Your answer must be the line holding "4pcs /Set Skeleton" followed by every later line through the end of the entries, exactly as written.

Caption-style text data
[Start of section]

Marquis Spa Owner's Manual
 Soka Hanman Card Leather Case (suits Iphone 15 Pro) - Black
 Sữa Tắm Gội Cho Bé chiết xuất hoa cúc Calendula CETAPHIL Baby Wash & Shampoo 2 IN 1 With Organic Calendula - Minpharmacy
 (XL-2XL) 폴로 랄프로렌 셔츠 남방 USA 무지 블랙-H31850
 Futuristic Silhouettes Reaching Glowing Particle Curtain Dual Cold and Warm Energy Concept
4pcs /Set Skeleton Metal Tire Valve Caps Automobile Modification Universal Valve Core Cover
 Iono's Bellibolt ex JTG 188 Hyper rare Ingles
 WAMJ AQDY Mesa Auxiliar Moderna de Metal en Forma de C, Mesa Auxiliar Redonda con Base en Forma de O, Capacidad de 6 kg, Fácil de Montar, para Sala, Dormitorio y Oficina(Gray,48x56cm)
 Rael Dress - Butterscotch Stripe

[End of section]

RESULT OF THE TASK —
4pcs /Set Skeleton Metal Tire Valve Caps Automobile Modification Universal Valve Core Cover
 Iono's Bellibolt ex JTG 188 Hyper rare Ingles
 WAMJ AQDY Mesa Auxiliar Moderna de Metal en Forma de C, Mesa Auxiliar Redonda con Base en Forma de O, Capacidad de 6 kg, Fácil de Montar, para Sala, Dormitorio y Oficina(Gray,48x56cm)
 Rael Dress - Butterscotch Stripe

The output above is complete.